In these results, the authors ran each agent for 50 million timesteps (200 million frames). We can see that at the 10 million timestep mark, our results are similar or slightly better. Our dqn and ddqn in particular were better almost across the board. While there are almost certainly some minor implementation differences, our agents achieved very similar behavior to the agents tested by DeepMind.

PyBullet Benchmark

[PyBullet](https://pybullet.org/wordpress/) provides a free alternative to the popular MuJoCo robotics environments. While MuJoCo requires a license key and can be difficult for independent researchers to afford, PyBullet is free and open. Additionally, the PyBullet environments are widely considered more challenging, making them a more discriminant test bed. For these reasons, we chose to benchmark the all.presets.continuous presets using PyBullet.

Similar to the Atari benchmark, we ran each agent for 10 million timesteps (in this case, timesteps are equal to frames).

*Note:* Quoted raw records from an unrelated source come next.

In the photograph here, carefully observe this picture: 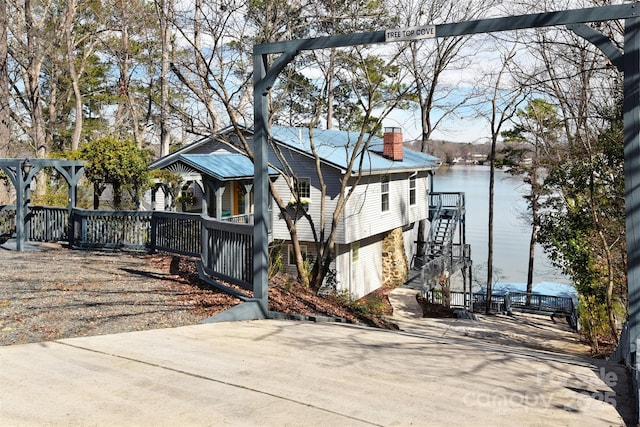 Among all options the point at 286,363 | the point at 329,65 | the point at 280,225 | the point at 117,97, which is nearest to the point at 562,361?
the point at 286,363

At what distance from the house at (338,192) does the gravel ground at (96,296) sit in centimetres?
768

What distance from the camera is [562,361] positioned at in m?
6.67

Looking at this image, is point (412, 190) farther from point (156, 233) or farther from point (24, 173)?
point (24, 173)

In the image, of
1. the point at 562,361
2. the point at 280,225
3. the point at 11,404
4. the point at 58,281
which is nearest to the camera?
the point at 11,404

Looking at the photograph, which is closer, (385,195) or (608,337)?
(608,337)

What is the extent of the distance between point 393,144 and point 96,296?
19.5 m

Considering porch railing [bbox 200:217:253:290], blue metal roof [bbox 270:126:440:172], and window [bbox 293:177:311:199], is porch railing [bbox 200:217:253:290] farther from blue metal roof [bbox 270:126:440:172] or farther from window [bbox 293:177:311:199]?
window [bbox 293:177:311:199]

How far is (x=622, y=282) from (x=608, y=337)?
2403mm

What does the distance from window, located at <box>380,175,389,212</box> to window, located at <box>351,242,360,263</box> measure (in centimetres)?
216

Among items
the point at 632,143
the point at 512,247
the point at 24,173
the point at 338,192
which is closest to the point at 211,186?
the point at 24,173

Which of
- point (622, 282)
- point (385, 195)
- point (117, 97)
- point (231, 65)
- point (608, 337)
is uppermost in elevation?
point (117, 97)

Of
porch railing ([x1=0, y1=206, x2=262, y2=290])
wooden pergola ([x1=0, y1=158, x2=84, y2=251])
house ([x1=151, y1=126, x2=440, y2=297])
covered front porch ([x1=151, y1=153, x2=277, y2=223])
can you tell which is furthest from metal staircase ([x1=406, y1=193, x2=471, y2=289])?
wooden pergola ([x1=0, y1=158, x2=84, y2=251])

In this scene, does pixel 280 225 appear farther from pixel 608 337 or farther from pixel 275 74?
pixel 275 74

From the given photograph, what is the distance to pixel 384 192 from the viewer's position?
2762 centimetres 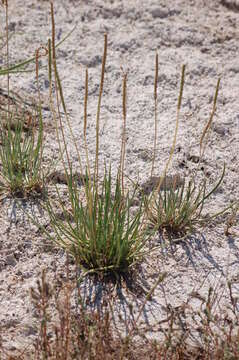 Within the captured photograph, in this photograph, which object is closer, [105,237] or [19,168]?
[105,237]

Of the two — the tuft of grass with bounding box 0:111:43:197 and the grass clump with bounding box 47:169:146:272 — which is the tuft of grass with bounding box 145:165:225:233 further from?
the tuft of grass with bounding box 0:111:43:197

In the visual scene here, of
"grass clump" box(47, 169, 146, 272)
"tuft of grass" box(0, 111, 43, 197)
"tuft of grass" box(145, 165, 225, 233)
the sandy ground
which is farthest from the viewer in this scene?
"tuft of grass" box(0, 111, 43, 197)

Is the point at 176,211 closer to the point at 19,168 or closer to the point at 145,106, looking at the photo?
the point at 19,168

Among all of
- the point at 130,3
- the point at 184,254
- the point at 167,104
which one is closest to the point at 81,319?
the point at 184,254

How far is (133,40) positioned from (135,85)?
1.66 feet

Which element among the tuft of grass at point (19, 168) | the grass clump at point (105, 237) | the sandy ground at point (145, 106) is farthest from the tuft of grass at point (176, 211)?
the tuft of grass at point (19, 168)

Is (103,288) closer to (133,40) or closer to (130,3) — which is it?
(133,40)

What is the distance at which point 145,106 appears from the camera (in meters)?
3.35

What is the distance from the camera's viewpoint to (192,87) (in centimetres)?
350

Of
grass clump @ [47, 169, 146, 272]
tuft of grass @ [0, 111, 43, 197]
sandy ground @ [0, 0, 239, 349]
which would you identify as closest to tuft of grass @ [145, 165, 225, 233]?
sandy ground @ [0, 0, 239, 349]

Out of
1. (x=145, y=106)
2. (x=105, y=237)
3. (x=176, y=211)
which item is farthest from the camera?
(x=145, y=106)

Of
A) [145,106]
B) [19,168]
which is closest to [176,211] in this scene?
[19,168]

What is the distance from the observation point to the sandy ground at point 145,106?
7.59 ft

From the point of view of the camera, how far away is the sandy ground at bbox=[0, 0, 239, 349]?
2312 millimetres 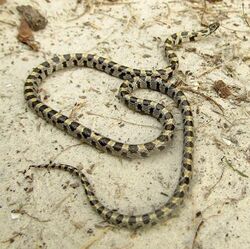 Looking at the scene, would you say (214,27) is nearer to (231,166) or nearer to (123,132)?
(123,132)

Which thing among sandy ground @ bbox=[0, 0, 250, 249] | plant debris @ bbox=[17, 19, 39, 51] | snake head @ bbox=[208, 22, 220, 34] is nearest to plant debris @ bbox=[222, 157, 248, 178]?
sandy ground @ bbox=[0, 0, 250, 249]

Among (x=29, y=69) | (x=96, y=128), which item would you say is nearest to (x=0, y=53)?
(x=29, y=69)

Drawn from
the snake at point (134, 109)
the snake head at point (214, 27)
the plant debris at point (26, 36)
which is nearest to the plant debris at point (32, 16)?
the plant debris at point (26, 36)

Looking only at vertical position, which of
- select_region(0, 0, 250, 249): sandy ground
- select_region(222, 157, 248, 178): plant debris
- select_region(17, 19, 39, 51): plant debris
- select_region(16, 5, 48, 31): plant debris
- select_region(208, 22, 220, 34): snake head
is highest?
select_region(16, 5, 48, 31): plant debris

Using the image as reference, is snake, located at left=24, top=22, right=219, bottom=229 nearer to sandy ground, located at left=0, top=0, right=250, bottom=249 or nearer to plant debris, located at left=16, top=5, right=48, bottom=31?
sandy ground, located at left=0, top=0, right=250, bottom=249

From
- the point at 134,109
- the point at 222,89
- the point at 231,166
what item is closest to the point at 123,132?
the point at 134,109

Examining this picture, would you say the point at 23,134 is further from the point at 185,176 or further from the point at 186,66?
the point at 186,66

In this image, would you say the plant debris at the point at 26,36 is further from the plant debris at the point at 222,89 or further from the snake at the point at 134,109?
the plant debris at the point at 222,89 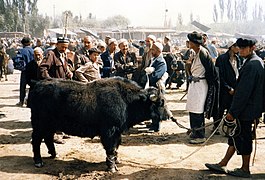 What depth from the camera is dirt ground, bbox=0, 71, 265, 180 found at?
17.1 feet

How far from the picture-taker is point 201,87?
6.80 metres

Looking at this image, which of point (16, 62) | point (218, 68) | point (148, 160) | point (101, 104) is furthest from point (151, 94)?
point (16, 62)

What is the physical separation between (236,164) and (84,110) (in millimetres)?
2820

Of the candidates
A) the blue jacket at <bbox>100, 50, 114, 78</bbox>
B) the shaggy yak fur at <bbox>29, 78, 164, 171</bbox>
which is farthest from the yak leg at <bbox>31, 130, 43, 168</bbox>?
the blue jacket at <bbox>100, 50, 114, 78</bbox>

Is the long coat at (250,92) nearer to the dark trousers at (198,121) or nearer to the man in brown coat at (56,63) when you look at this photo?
the dark trousers at (198,121)

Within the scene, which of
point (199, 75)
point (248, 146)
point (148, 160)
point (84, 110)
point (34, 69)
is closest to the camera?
point (248, 146)

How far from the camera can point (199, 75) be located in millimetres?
6801

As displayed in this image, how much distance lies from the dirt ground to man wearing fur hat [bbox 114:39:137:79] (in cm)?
146

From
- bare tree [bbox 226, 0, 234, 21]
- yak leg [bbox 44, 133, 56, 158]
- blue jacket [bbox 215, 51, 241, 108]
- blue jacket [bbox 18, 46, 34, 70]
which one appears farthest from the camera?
bare tree [bbox 226, 0, 234, 21]

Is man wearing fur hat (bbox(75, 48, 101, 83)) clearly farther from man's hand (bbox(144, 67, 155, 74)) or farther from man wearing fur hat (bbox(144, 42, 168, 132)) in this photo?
man wearing fur hat (bbox(144, 42, 168, 132))

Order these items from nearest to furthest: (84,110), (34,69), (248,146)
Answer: (248,146), (84,110), (34,69)

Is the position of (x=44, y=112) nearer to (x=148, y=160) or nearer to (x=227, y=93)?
(x=148, y=160)

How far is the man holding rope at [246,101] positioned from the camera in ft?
15.5

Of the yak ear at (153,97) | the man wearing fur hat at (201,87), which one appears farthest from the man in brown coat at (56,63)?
the man wearing fur hat at (201,87) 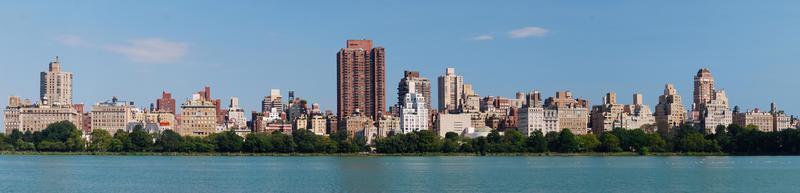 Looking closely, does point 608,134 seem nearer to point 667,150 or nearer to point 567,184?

The learning rate was decayed over the course of training using cosine annealing. To reduce the variance of the updates, we added an extra time feature to the state (t * 0.001, where t is the current timestep). The results were as follows:

image

PPO was omitted from the plot for Humanoid because it achieved very large negative returns which interfered with the scale of the graph. Note, however, that our implementation of soft actor-critic (SAC) is able to solve even this difficult environment.

Because most research papers still use MuJoCo, direct comparisons are difficult to come by. However, George Sung helpfully benchmarked TD3 and DDPG on several PyBullet environments [here](https://github.com/georgesung/TD3). However, he only ran each environment for 1 million timesteps and tuned his hyperparameters accordingly. Generally, our agents achieved higher final perfomance but converged more slowly.